Al wrote:
"According to the author, the book is based on fact."
Personally, I think this is crap in an attempt to start hype,
as Sleepers did (by the way, is Sleepers any good? I've never
read it, was put off by the false claims it had really
happened). As I wrote during the earlier discussion of the
book:
I figured out very quickly that God Is A Bullet was a
contemporary version of The Searchers if rewritten by James
Crumley. Substituting for the Indians in John Ford's classic
film is the Manson Family, with Cyrus standing in for
Charlie. Unlike Paul Shrader's Hardcore (another updated
remake of Searchers), it retains a southwestern setting, but
like that movie it splits the John Wayne character into two,
"Bob Whatever" the judgemental father and Case the
streetwise, degraded young woman who simultaneously helps the
father and serves as an object lesson on what the daughter
will become if she is not saved.
As with a lot of polarizing books which people are supposed
to either love or hate, I fell somewhere in the middle. The
"shocking" scenes were not that shocking to me and except for
a few calculatingly disgusting images (Case's memories of
being put in the belly of a cow when she was younger) most of
them are barely hinted at, or happen offstage, only to be
mentioned cryptically later on.
My problem with the book came in the characterization. None
of these characters has much depth, each filling out a stock
character and some not even that. So for me the book lagged
somewhat in the middle, during the long drives in which Case
and Bob discuss their philosophies and slowly come to know
and eventually respect and trust each other. Also, to make
Bob's turning away from his religion dramatic, I would have
to have been more convinced of his faith in the first place.

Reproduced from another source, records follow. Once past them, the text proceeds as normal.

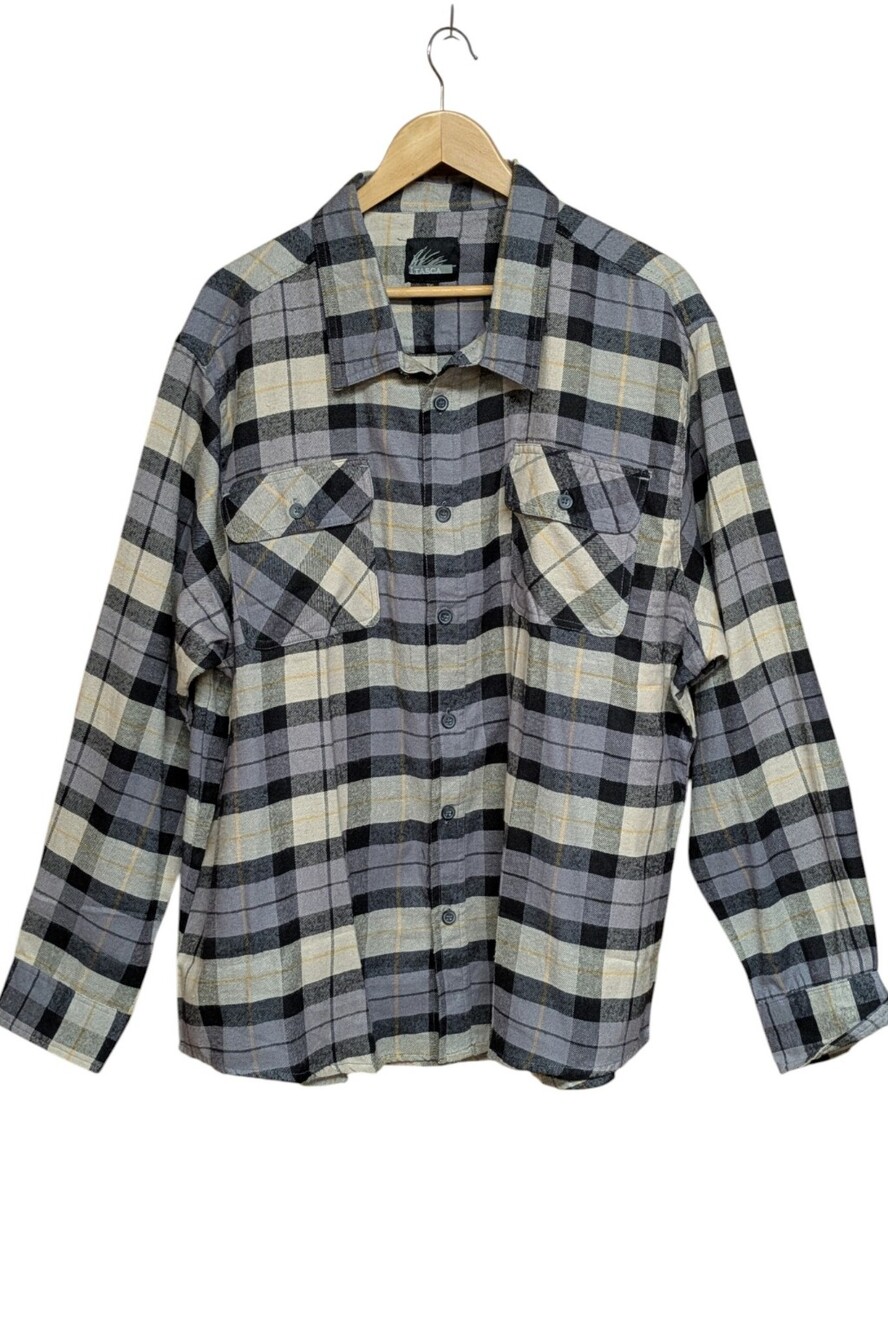 Itasca Mens Plaid Flannel Shirt Gray and Black Size 3XL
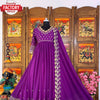 Wine Partywear Gown With Dupatta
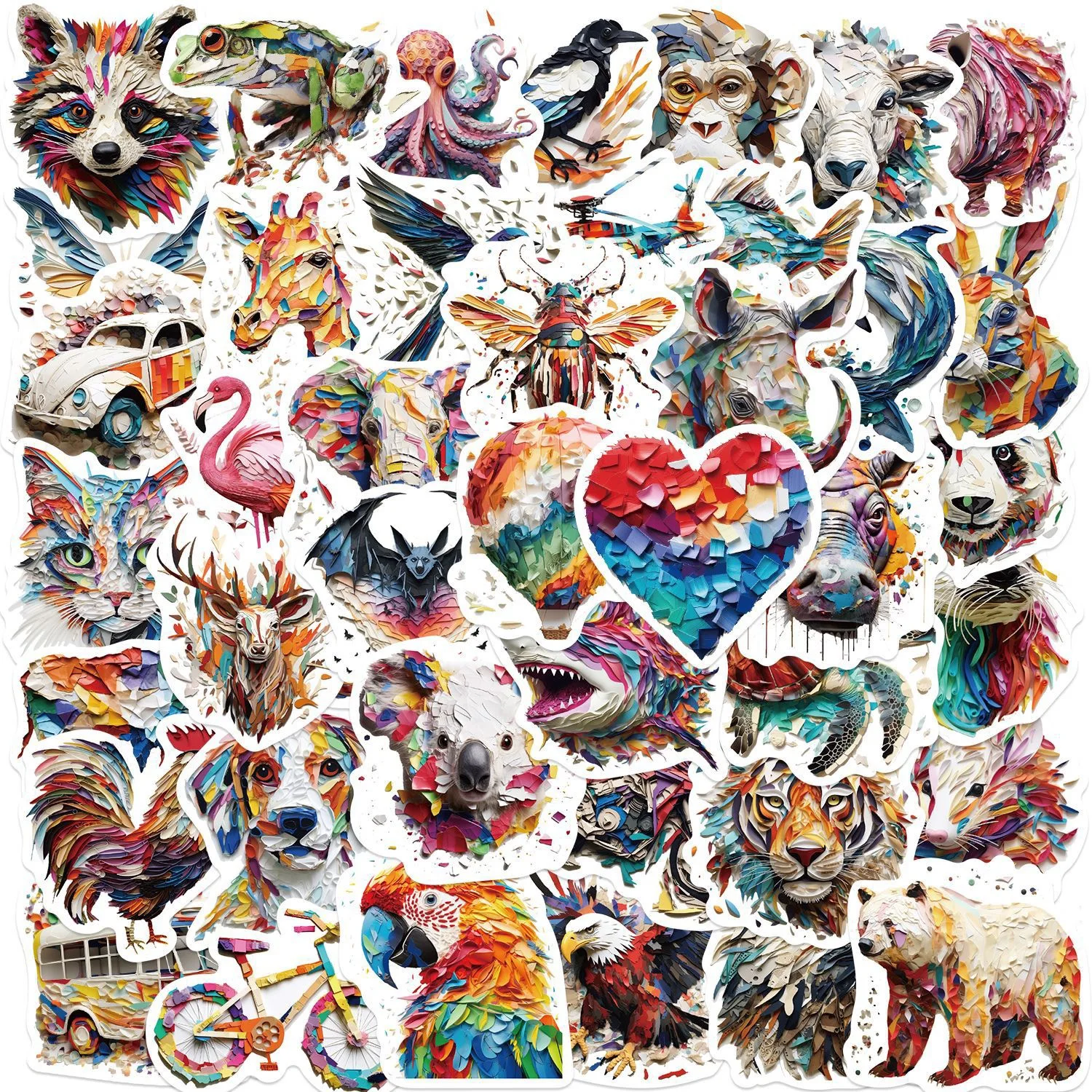 10/50PCS Color Psychedelic Animals Art Stickers Aesthetic Decals DIY Skateboard Luggage Phone Guitar Laptop Classic Toy Sticker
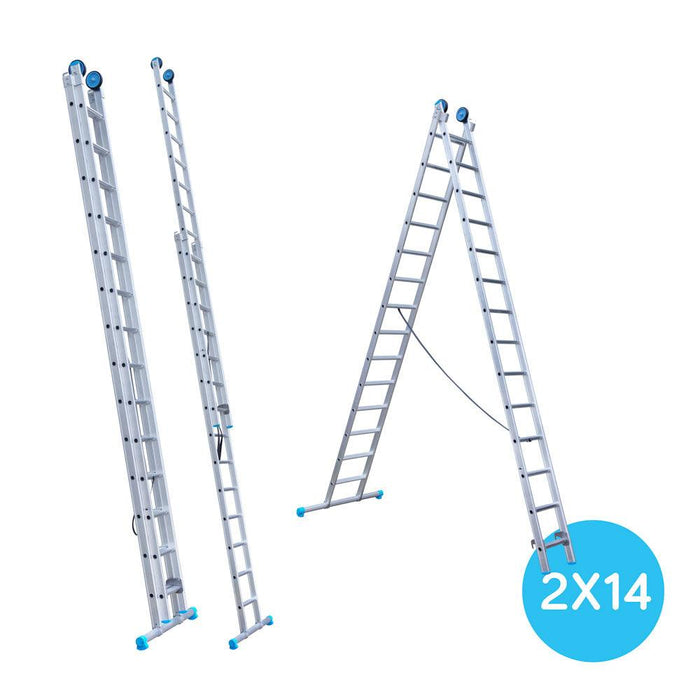 Eurostairs Mehrzweckleiter doppelt gerade 2x14 Sprossen + Giebelrollen - GerüstExpress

He simply changed from being extremely judgemental of "scum"
like Case, to being extremely judgemental of the hypocrisy of
upright citizens. John Wayne's character was far richer and
more complex --
SLIGHT SPOILER ALERT
-- I found his simultaneous revulsion and joy at finally
finding his niece Natalie Wood far more moving than Bob's
less conflicted response, even though Case had warned him of
just that possibility many times.
Back to the present -- I did enjoy the book, but I didn't
feel any particular urge to pick up his next one when I saw
it. However, keep in mind that I felt much the same way about
Dirty White Boys, which I would place in a similar macho
sub-genre that doesn't do that much for me.